|Photo: Sheri Mizumori|
Happy holidays to our many alums and friends! As 2015 comes to an end, it is exciting to recall the many accomplishments and high points of the year. It started with the arrival of two new assistant professors (Drs. Gire and Stocco) who carry out some of the most technologically advanced research on the mind and brain. The year was filled with national and international recognition of the many astounding discoveries by our faculty, graduate and undergraduate students, and postdoctoral fellows, as well as the community impact of their research. I thank our many friends who helped to make these hires and research successes possible. We were also very excited that one of our long time faculty members was selected to be the President of the University of Washington. Congratulations, President Cauce!
In this 2015-2016 year we are celebrating our 99th birthday! Over the decades, our department has had historic impact on the field of psychology and on our understanding of behavior in our everyday lives. We are not done yet! Stay tuned for a number of public events that are planned for this and next (our 100th) year where you will hear about not only our accomplishments but, more importantly, our vision for the future. We hope that you become involved in our future by attending these events and/or contributing to one of our important future goals, and that is to shorten the distance between ground breaking research discoveries and their implementation for the benefit of society. One such event is the 2016 Edwards Public Lecture Series that is focused on ‘Connecting the Dots Between Research and the Community.' Hope to see you there this spring!

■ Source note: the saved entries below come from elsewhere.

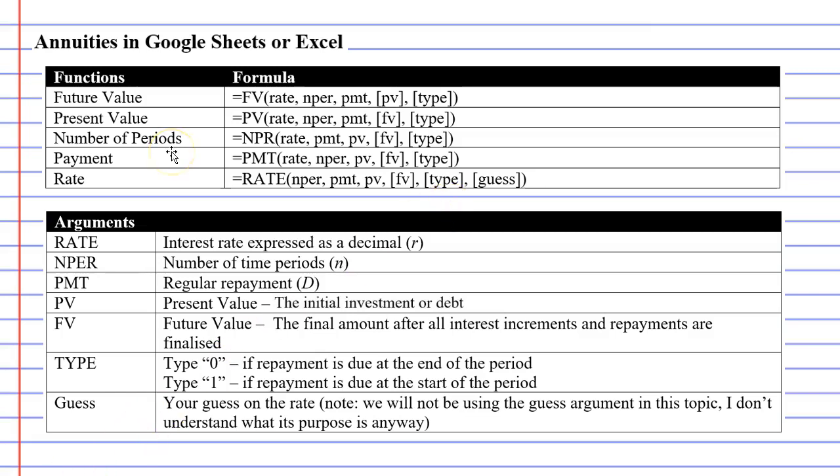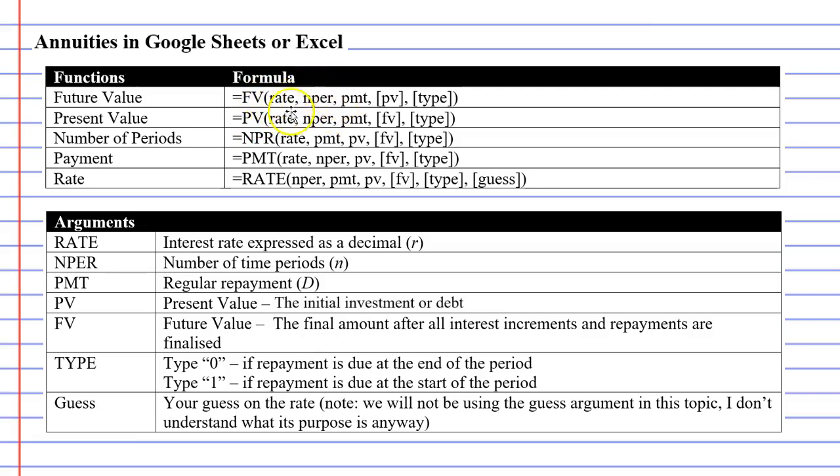As I mentioned earlier, this is just an introductory video. I've made videos that complete an example on each one of these five functions. As you watch each video, I will define each argument that you can see in these formulas.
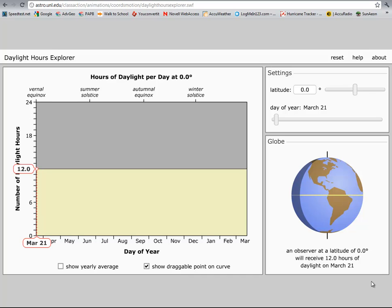Hello again. This is a site from the ASTRO Department, University of Nebraska, Lincoln. You can see the URL up top. It's in their class action simulation section.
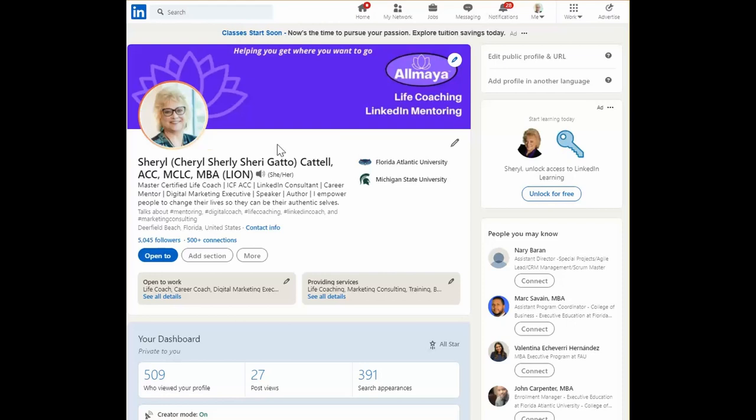To start with, your profile image should reflect the audience that you're trying to speak to. So if your audience dresses up in business suits with ties every day, you should do the same for your profile picture. However, if your audience prefers to wear polo shirts or t-shirts, then it's fine for you to also do the same.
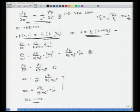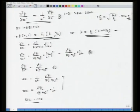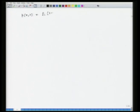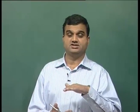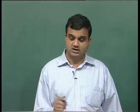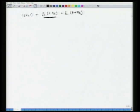Likewise, we can also prove that f₂(t+x/c) is a valid solution for the one-dimensional wave equation. So the general solution is p(x,t) = f₁(t−x/c) + f₂(t+x/c), because it is a linear system and all individual solutions added together are also valid solutions for a linear partial differential equation. In the next 5 to 10 minutes we will explore the physical interpretation of these functions.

Have a peaceful holiday, and best wishes for a wonderfully exciting new year!
"The most inspirational part of my educational career has been the people who have seen me differently than the majority of the students who attend UW. These are the people who respect my experiences, my drive, my energy, my perseverance and resilience, but most of all, who trusted me."
- Stephanie Shadwick, Psychology major and US Navy Chief Petty Officer
With the most recent observance of Veterans Day just behind us, it seems a good time to focus on some of the students who are both psychology majors and US military veterans. Each of the four students profiled here has taken his or her own unique path to UW. They have different goals and different experiences here at UW, but all share the characteristic of having volunteered to serve their county. We thank them.
|Photo: Jordan Houghton|
Jordan Houghton - Psychology BA, August 2015 and former US Army Combat Medic/Healthcare Specialist
Born in Seattle and growing up mainly in Hawaii, Jordan enlisted in the US Army in 2009 in part to earn money to attend school through the Army's Tuition Assistance Program. He earned his EMT license at Fort Sam Houston, in Texas, and began his academic studies at Pierce College. As he left the military, Jordan had been accepted to attend Washington State University, but held out as long as he possibly could to hear from his top choice, UW. Taking it right to the wire, Jordan learned of his acceptance to UW while sitting in his orientation session for WSU!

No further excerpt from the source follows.